El gobierno
británico de Theresa May va a obligar a las empresas a declarar el número de extranjeros
a los que dan empleo. La idea se plantea como una medida de presión, y lo que
se trata de evitar es que un inmigrante ocupe un puesto de trabajo que podría
desarrollar un ciudadano británico. También se tiene intención de restringir la
matriculación de estudiantes extranjeros en las universidades. Solo los «más
brillantes y mejores» accederán al privilegio de estudiar en las aulas
británicas a partir de la desconexión con la Unión Europea, prevista para marzo
de 2017.
Han pasado muy
pocos años desde que se derribó el muro de Berlín y cayó el denominado “telón
de acero”, y no paramos de levantar nuevos muros, solo que ahora no son considerados
ominosos, y se tiene buen cuidado de utilizar nombres distintos para
designarlos. (No siempre; ahí está el muro muy físico y disuasorio que Donald
Trump amenaza con levantar, si es elegido presidente en noviembre, a lo largo
de toda la frontera de Estados Unidos con México.)

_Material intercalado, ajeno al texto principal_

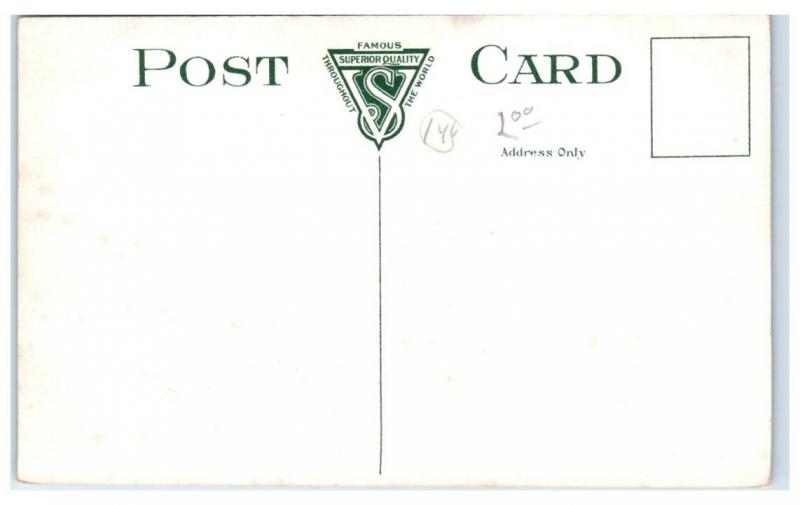 Early 1900s Bear Den, Forest Park, St. Louis, MO Postcard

La globalización imparable
de los mercados de capitales implica la libre circulación de las mercancías y
la radicación libérrima de las empresas bajo banderas de conveniencia allá
donde encuentran legislaciones amigables para aliviar sus obligaciones
fiscales; pero de forma paradójica, bajo el nuevo paradigma cada vez son mayores
las restricciones a la circulación de las personas. Ahora resulta que van a ser
patrimonio exclusivo de la nación, no ya los medios de
producción, atrincherados en el sancta sanctorum de la propiedad privada, ni la riqueza
material que dichos medios generan, que es una riqueza transnacional e
ilimitada; sino la designación de las personas que han de ocupar los puestos de
trabajo.
El mismo Estado que
ha renunciado a buena parte de sus viejas prerrogativas en el campo de la
economía, a fin de poner en manos del capital privado la generación de empleo
inyectándole dineros públicos recaudados predominantemente de las rentas del
trabajo, ahora se dispone a retomar las riendas en la precisa cuestión del
trabajo. No para establecer garantías contra los abusos del dador de empleo en las
condiciones laborales en el interior de la empresa, conviene aclararlo. La
organización interna de la producción seguirá siendo un ámbito exclusivo de la
privacidad del empresario. Lo que será público en cambio, y se exigirá
rendición exacta de cuentas sobre ello, será el derecho preferente de la nacionalidad
propia sobre todas las restantes, en la composición de la fuerza de trabajo
asalariada. Ningún puesto de trabajo susceptible de ser ocupado por un nacional
podrá ser ocupado por un inmigrante.
Pasa en Gran
Bretaña, pero también en Hungría, en Polonia, en otros lugares con otras formas
sutilmente diferenciadas en el detalle pero coincidentes en el fondo. También
en España, con tintes sofocados de racismo y de sexismo. Así viene a
deshilacharse la explosión de libertad que representaron en su día el derribo
del Muro por antonomasia, y el sueño de la unidad europea puesto en pie por una
generación de soñadores que supieron ver, más allá de aduanas, de muros y de
alambradas, la igualdad radical de derechos entre personas de raza, sexo, cultura,
religión y condición social diferentes.